This is embodied by figures like Naomi Wu, a self-proclaimed "cyborg" and DIY tech enthusiast from Shenzhen. Wu creates open-source technology and shares her designs freely, challenging Western notions of intellectual property. Her work is not about creating something entirely new from scratch, but about modifying, improving, and making technology accessible. Wang extends this idea to agriculture, visiting the Rice Harmony Cooperative, where farmers use traditional, organic methods that prioritize community and sustainability over scale. This form of "shanzhai farming" represents a different kind of innovation—one focused on care, maintenance, and collective well-being rather than profit and disruption.

The All-Seeing State is Limited by Human Realities

Key Insight 5

Narrator: In the city of Guiyang, Wang gets a firsthand look at China's infamous surveillance state, visiting a police station to see the "Real Population Platform." An officer named Xiaoli demonstrates a system that maps the city's urban villages, linking biometric data and personal information to every household, aiming for "total population control." Yet, the reality is far from the seamless, all-knowing system often portrayed.

Xiaoli candidly explains the platform's flaws. Data collection is a messy, manual process. Landlords, some of whom are illiterate, must voluntarily register tenants. Different government databases are incompatible, creating digital silos. The system is a patchwork of human effort and technological limitations. When Wang asks about predictive policing, Xiaoli scoffs, "If we could actually prevent crime, that would mean I found a way to predict the future. None of us can predict the future." This encounter reveals a crucial insight: the ambition of technological control often crumbles against the messy, unpredictable, and unquantifiable nature of human life.

E-Commerce Creates Both Opportunity and Precarity

Key Insight 6

Narrator: The book travels to Dinglou, a "Taobao Village" that lifted itself out of poverty by manufacturing and selling Halloween costumes online. The village is a testament to the transformative power of e-commerce, with banners proclaiming, "Nothing beats coming back to your hometown to run a Taobao business!" Villagers like Ren Qingsheng went from being struggling farmers to successful entrepreneurs, learning to use computers and navigate the global marketplace from their homes.

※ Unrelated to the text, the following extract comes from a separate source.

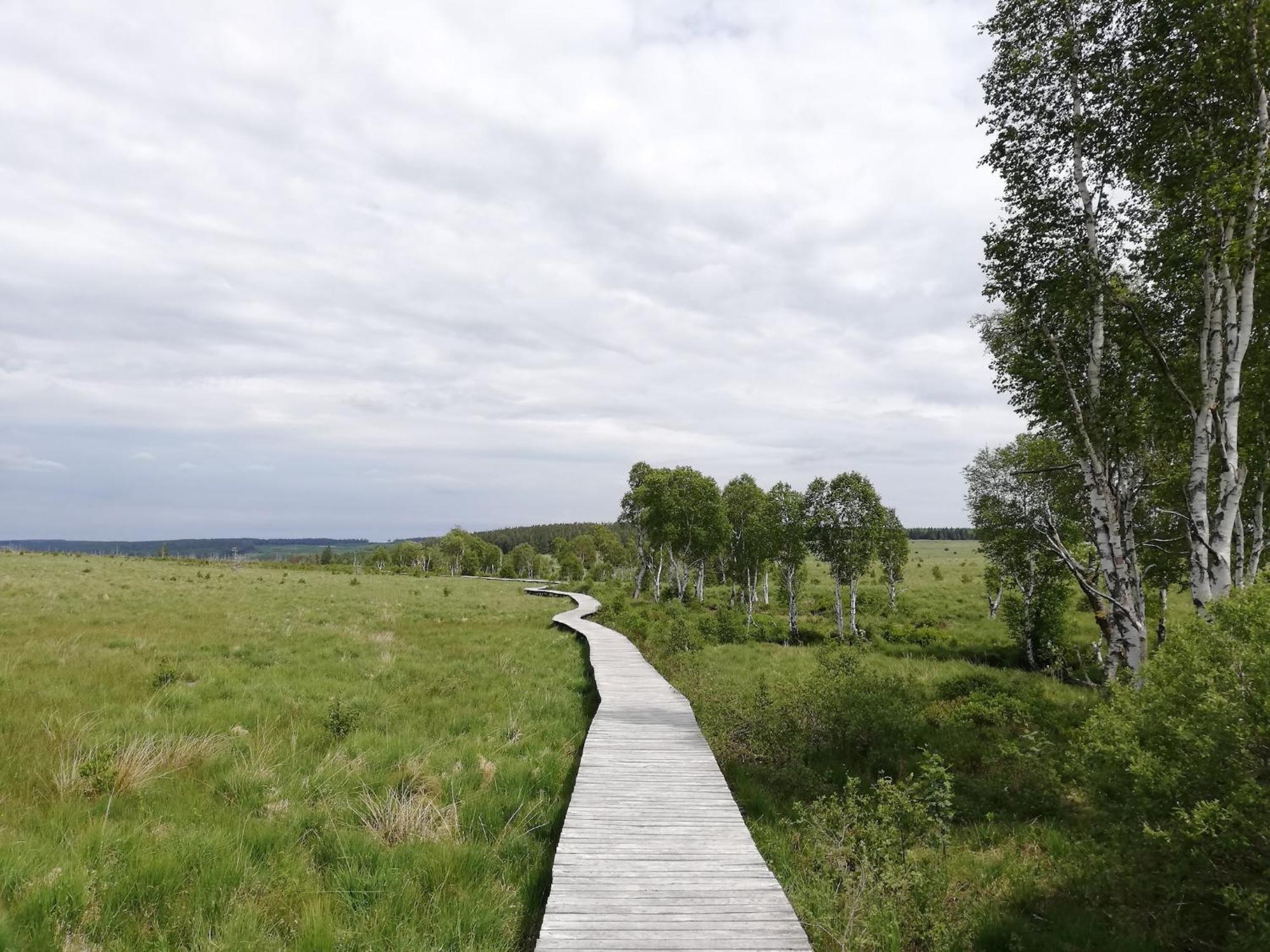 Picture Perfect Holiday Home In Sourbrodt With Garden Bbq エクステリア 写真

But this success story has a dark side. The villagers are now completely dependent on Alibaba's platform, which one disgruntled merchant claims "sucks the blood out of us" with its fees and rules. The relentless pace of online retail creates a culture of overwork and environmental waste. This mirrors the global gig economy, where platforms create opportunities but also offload risk onto their most vulnerable users. The digital marketplace, while connecting rural China to the world, creates a new form of dependence, where economic survival is tied to the algorithms and business models of a distant tech giant.

Conclusion

Narrator: Ultimately, Blockchain Chicken Farm argues that technology is never neutral. It is a cultural product, shaped by the histories, anxieties, and ambitions of the people who create and use it. In rural China, technology is not simply a tool for optimization but a powerful force that is reshaping relationships, communities, and the very definition of a good life. It is a landscape of profound contradictions, where digital connectivity coexists with deep-seated traditions, and where the promise of a better future is constantly negotiated against the ghosts of the past.

The book's most challenging idea is that we must move beyond the simplistic binary of technology as either utopian savior or dystopian overlord. Instead, we must learn to see it as Wang does: a complex, messy, and deeply human endeavor. It leaves us with a critical task: to look at the technology in our own lives and ask not just what it does, but what assumptions about the world are embedded within it, and what kind of future it is quietly building for us all.